======== SUPPLIED RECORDS ========

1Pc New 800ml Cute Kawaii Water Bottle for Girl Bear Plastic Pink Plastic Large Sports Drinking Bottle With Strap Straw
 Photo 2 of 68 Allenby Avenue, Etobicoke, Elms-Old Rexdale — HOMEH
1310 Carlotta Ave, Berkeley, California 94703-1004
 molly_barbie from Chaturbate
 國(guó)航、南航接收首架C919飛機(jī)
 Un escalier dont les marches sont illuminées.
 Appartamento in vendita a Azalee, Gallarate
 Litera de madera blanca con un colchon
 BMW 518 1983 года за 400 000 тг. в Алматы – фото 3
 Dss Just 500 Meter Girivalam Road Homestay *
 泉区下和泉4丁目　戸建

========

DIRECTIONS:
Exactly as written, please transcribe the lines from the start of the records above to the line that holds "molly_barbie from Chaturbate", both ends included.

EXERCISE SOLUTION:
1Pc New 800ml Cute Kawaii Water Bottle for Girl Bear Plastic Pink Plastic Large Sports Drinking Bottle With Strap Straw
 Photo 2 of 68 Allenby Avenue, Etobicoke, Elms-Old Rexdale — HOMEH
1310 Carlotta Ave, Berkeley, California 94703-1004
 molly_barbie from Chaturbate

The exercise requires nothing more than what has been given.